Le président de la FSSS-CSN n’est pas étonné que l’on fasse toujours signer ce genre de formulaire aux nouveaux employés. « On a même des syndicats [locaux] qui se font dire par l’employeur qu’il y aura des [sanctions] […], qu’ils ne peuvent pas aller sur la place publique avec des critiques. C’est très clair », soutient Jeff Begley.

Au Québec, tout employé est légalement tenu d’être loyal envers son employeur, selon le Code civil. La Loi sur les services de santé et les services sociaux et la Loi sur la protection des renseignements personnels encadrent l’obligation de confidentialité. « Ça rend ces formulaires à mon avis inutiles », précise M. Barré.

Le CIUSSS de la Capitale-Nationale explique d’ailleurs que ce document d’embauche est un « formulaire standard découlant de la Loi sur les services de santé et les services sociaux ». Il doit aussi être rempli par toute personne embauchée, volontaires compris, nous dit-on.

Le CIUSSS de l’Estrie – CHUS n’avait toujours pas répondu à la demande de La Presse, au moment de la publication de ce texte.

« ON VEUT QUE LES GENS PARLENT »

Le CISSS de Laval a envoyé la semaine dernière une note à tous ses employés leur interdisant de s’adresser aux médias sans avoir obtenu l’approbation de la direction.
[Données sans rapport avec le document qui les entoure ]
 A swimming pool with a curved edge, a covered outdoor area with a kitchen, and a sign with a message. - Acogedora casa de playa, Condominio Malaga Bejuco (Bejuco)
Le lendemain, la ministre de la Santé et des Services sociaux, Danielle McCann, assurait en commission parlementaire qu’il « n’y a plus d’omerta » dans le réseau de la santé.

« On a besoin de ces gens-là pour nous le dire parce que les organisations sont devenues tellement grosses […]. On veut que les gens parlent », a poursuivi la ministre dans sa réponse au député Sol Zanetti, qui soutenait que les travailleurs de la santé avaient peur « pour leur emploi » s’ils dénonçaient « des situations tragiques ».

« Il faut qu’on sache ce qui se passe sur le terrain », a-t-elle affirmé, rappelant le caractère exceptionnel de la pandémie.

« Je trouve que ce que dit la ministre est plein de bon sens, mais est-ce qu’on peut juste être conséquent ? »

— Jeff Begley, président de la FSSS-CSN

C’est ce que croit aussi M. Barré. « L’objectif ultime n’est pas seulement d’informer les plus hautes autorités du Ministère, c’est aussi que le grand public soit informé. Je crains qu’après la pandémie, on tombe dans une période d’amnésie générale. Il faut que les gens soient alertés par exemple du sort des aînés dans les CHSLD », lance-t-il.

À son avis, Québec devrait ordonner que les établissements cessent de soumettre les employés à ces engagements de confidentialité dès maintenant.

Au ministère de la Santé, on indique que « les employés doivent respecter les obligations de confidentialité prévues par la loi » et que la signature de ces documents constitue « un engagement entre l’employeur et l’employé en plus d’assurer une connaissance des lois et des obligations de confidentialité à respecter ».

Ce sont les établissements qui créent les « différents formulaires et documents pour renseigner, sensibiliser et informer leurs nouveaux employés », alors que le Ministère « n’a aucune directive quant à la gestion des contrats des établissements lors de l’embauche du personnel », indique-t-on.